§ **Problem statement**: Restate the material below word for word, from its first line to its last.

····················

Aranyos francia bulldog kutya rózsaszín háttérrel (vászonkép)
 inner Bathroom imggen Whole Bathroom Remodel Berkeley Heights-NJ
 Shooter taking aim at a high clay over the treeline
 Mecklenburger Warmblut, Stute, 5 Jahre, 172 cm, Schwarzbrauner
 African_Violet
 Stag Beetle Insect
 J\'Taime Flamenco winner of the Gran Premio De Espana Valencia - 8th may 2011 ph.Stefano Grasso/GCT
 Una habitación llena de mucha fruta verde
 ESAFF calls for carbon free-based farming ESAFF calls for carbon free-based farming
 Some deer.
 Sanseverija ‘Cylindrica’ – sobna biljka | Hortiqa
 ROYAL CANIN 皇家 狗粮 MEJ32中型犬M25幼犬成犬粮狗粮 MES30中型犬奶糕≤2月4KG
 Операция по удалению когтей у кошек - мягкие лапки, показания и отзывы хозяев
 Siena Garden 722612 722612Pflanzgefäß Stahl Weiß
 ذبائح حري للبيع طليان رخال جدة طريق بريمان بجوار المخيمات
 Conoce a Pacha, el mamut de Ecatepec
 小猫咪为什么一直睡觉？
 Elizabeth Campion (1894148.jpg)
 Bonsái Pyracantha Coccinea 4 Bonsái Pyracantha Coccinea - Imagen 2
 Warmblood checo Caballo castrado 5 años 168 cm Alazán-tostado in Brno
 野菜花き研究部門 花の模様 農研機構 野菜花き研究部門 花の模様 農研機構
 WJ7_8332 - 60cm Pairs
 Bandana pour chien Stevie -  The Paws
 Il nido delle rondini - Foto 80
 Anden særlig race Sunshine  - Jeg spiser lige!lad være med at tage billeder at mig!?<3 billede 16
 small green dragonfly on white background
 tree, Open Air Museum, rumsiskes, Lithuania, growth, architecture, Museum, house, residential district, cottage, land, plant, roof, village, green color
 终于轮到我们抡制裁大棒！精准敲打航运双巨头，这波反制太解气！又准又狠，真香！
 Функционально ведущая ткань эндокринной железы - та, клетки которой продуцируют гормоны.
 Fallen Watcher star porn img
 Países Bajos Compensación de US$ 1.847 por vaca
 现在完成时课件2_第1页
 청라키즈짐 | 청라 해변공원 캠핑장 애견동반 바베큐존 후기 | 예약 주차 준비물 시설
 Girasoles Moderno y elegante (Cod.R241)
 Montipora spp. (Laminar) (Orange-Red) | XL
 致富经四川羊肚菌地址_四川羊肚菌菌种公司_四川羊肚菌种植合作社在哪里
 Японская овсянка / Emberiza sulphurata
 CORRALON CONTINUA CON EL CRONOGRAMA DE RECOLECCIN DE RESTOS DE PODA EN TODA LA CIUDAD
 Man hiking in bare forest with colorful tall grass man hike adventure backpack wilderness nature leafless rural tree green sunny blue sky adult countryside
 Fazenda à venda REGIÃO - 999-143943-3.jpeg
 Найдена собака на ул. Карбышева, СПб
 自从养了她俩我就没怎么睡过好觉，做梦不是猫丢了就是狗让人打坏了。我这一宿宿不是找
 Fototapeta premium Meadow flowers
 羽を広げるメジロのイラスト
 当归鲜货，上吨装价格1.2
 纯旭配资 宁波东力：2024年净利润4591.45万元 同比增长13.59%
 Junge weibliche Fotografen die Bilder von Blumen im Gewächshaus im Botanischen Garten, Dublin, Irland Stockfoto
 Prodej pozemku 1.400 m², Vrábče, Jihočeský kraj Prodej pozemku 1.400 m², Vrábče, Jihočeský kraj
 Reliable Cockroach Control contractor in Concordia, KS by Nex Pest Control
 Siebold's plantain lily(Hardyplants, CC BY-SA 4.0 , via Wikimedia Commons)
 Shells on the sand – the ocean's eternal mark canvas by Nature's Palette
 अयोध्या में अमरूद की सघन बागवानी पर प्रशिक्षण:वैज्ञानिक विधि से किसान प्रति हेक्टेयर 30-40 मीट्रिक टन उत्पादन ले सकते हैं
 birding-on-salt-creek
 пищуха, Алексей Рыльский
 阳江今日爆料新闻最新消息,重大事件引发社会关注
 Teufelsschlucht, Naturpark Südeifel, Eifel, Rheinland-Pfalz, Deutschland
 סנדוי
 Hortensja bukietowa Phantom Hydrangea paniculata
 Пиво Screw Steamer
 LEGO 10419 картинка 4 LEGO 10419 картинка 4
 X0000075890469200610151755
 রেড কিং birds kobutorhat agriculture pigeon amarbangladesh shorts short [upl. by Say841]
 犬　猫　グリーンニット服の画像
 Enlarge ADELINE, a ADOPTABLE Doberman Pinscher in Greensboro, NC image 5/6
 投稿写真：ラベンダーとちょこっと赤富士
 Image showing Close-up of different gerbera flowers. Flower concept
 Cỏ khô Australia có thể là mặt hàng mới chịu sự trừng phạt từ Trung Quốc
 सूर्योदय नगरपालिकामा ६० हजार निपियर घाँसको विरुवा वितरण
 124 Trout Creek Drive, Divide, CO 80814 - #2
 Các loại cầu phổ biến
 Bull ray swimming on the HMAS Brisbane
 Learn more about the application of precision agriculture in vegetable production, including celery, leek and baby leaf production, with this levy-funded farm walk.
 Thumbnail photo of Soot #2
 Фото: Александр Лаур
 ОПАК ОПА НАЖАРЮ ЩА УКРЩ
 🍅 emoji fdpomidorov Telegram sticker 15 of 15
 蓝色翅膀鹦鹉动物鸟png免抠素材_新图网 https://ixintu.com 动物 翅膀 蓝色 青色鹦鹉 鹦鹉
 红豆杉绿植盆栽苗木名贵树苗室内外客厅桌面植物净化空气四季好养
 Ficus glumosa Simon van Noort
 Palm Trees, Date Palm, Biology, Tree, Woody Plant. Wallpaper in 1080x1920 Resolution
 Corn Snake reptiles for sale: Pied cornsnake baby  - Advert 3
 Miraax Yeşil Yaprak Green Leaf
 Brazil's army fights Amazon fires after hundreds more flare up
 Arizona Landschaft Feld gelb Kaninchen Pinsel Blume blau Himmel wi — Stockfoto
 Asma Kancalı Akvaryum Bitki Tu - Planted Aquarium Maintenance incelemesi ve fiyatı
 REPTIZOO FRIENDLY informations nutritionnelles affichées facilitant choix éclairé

····················

§ **Answer to this task**:
Aranyos francia bulldog kutya rózsaszín háttérrel (vászonkép)
 inner Bathroom imggen Whole Bathroom Remodel Berkeley Heights-NJ
 Shooter taking aim at a high clay over the treeline
 Mecklenburger Warmblut, Stute, 5 Jahre, 172 cm, Schwarzbrauner
 African_Violet
 Stag Beetle Insect
 J\'Taime Flamenco winner of the Gran Premio De Espana Valencia - 8th may 2011 ph.Stefano Grasso/GCT
 Una habitación llena de mucha fruta verde
 ESAFF calls for carbon free-based farming ESAFF calls for carbon free-based farming
 Some deer.
 Sanseverija ‘Cylindrica’ – sobna biljka | Hortiqa
 ROYAL CANIN 皇家 狗粮 MEJ32中型犬M25幼犬成犬粮狗粮 MES30中型犬奶糕≤2月4KG
 Операция по удалению когтей у кошек - мягкие лапки, показания и отзывы хозяев
 Siena Garden 722612 722612Pflanzgefäß Stahl Weiß
 ذبائح حري للبيع طليان رخال جدة طريق بريمان بجوار المخيمات
 Conoce a Pacha, el mamut de Ecatepec
 小猫咪为什么一直睡觉？
 Elizabeth Campion (1894148.jpg)
 Bonsái Pyracantha Coccinea 4 Bonsái Pyracantha Coccinea - Imagen 2
 Warmblood checo Caballo castrado 5 años 168 cm Alazán-tostado in Brno
 野菜花き研究部門 花の模様 農研機構 野菜花き研究部門 花の模様 農研機構
 WJ7_8332 - 60cm Pairs
 Bandana pour chien Stevie -  The Paws
 Il nido delle rondini - Foto 80
 Anden særlig race Sunshine  - Jeg spiser lige!lad være med at tage billeder at mig!?<3 billede 16
 small green dragonfly on white background
 tree, Open Air Museum, rumsiskes, Lithuania, growth, architecture, Museum, house, residential district, cottage, land, plant, roof, village, green color
 终于轮到我们抡制裁大棒！精准敲打航运双巨头，这波反制太解气！又准又狠，真香！
 Функционально ведущая ткань эндокринной железы - та, клетки которой продуцируют гормоны.
 Fallen Watcher star porn img
 Países Bajos Compensación de US$ 1.847 por vaca
 现在完成时课件2_第1页
 청라키즈짐 | 청라 해변공원 캠핑장 애견동반 바베큐존 후기 | 예약 주차 준비물 시설
 Girasoles Moderno y elegante (Cod.R241)
 Montipora spp. (Laminar) (Orange-Red) | XL
 致富经四川羊肚菌地址_四川羊肚菌菌种公司_四川羊肚菌种植合作社在哪里
 Японская овсянка / Emberiza sulphurata
 CORRALON CONTINUA CON EL CRONOGRAMA DE RECOLECCIN DE RESTOS DE PODA EN TODA LA CIUDAD
 Man hiking in bare forest with colorful tall grass man hike adventure backpack wilderness nature leafless rural tree green sunny blue sky adult countryside
 Fazenda à venda REGIÃO - 999-143943-3.jpeg
 Найдена собака на ул. Карбышева, СПб
 自从养了她俩我就没怎么睡过好觉，做梦不是猫丢了就是狗让人打坏了。我这一宿宿不是找
 Fototapeta premium Meadow flowers
 羽を広げるメジロのイラスト
 当归鲜货，上吨装价格1.2
 纯旭配资 宁波东力：2024年净利润4591.45万元 同比增长13.59%
 Junge weibliche Fotografen die Bilder von Blumen im Gewächshaus im Botanischen Garten, Dublin, Irland Stockfoto
 Prodej pozemku 1.400 m², Vrábče, Jihočeský kraj Prodej pozemku 1.400 m², Vrábče, Jihočeský kraj
 Reliable Cockroach Control contractor in Concordia, KS by Nex Pest Control
 Siebold's plantain lily(Hardyplants, CC BY-SA 4.0 , via Wikimedia Commons)
 Shells on the sand – the ocean's eternal mark canvas by Nature's Palette
 अयोध्या में अमरूद की सघन बागवानी पर प्रशिक्षण:वैज्ञानिक विधि से किसान प्रति हेक्टेयर 30-40 मीट्रिक टन उत्पादन ले सकते हैं
 birding-on-salt-creek
 пищуха, Алексей Рыльский
 阳江今日爆料新闻最新消息,重大事件引发社会关注
 Teufelsschlucht, Naturpark Südeifel, Eifel, Rheinland-Pfalz, Deutschland
 סנדוי
 Hortensja bukietowa Phantom Hydrangea paniculata
 Пиво Screw Steamer
 LEGO 10419 картинка 4 LEGO 10419 картинка 4
 X0000075890469200610151755
 রেড কিং birds kobutorhat agriculture pigeon amarbangladesh shorts short [upl. by Say841]
 犬　猫　グリーンニット服の画像
 Enlarge ADELINE, a ADOPTABLE Doberman Pinscher in Greensboro, NC image 5/6
 投稿写真：ラベンダーとちょこっと赤富士
 Image showing Close-up of different gerbera flowers. Flower concept
 Cỏ khô Australia có thể là mặt hàng mới chịu sự trừng phạt từ Trung Quốc
 सूर्योदय नगरपालिकामा ६० हजार निपियर घाँसको विरुवा वितरण
 124 Trout Creek Drive, Divide, CO 80814 - #2
 Các loại cầu phổ biến
 Bull ray swimming on the HMAS Brisbane
 Learn more about the application of precision agriculture in vegetable production, including celery, leek and baby leaf production, with this levy-funded farm walk.
 Thumbnail photo of Soot #2
 Фото: Александр Лаур
 ОПАК ОПА НАЖАРЮ ЩА УКРЩ
 🍅 emoji fdpomidorov Telegram sticker 15 of 15
 蓝色翅膀鹦鹉动物鸟png免抠素材_新图网 https://ixintu.com 动物 翅膀 蓝色 青色鹦鹉 鹦鹉
 红豆杉绿植盆栽苗木名贵树苗室内外客厅桌面植物净化空气四季好养
 Ficus glumosa Simon van Noort
 Palm Trees, Date Palm, Biology, Tree, Woody Plant. Wallpaper in 1080x1920 Resolution
 Corn Snake reptiles for sale: Pied cornsnake baby  - Advert 3
 Miraax Yeşil Yaprak Green Leaf
 Brazil's army fights Amazon fires after hundreds more flare up
 Arizona Landschaft Feld gelb Kaninchen Pinsel Blume blau Himmel wi — Stockfoto
 Asma Kancalı Akvaryum Bitki Tu - Planted Aquarium Maintenance incelemesi ve fiyatı
 REPTIZOO FRIENDLY informations nutritionnelles affichées facilitant choix éclairé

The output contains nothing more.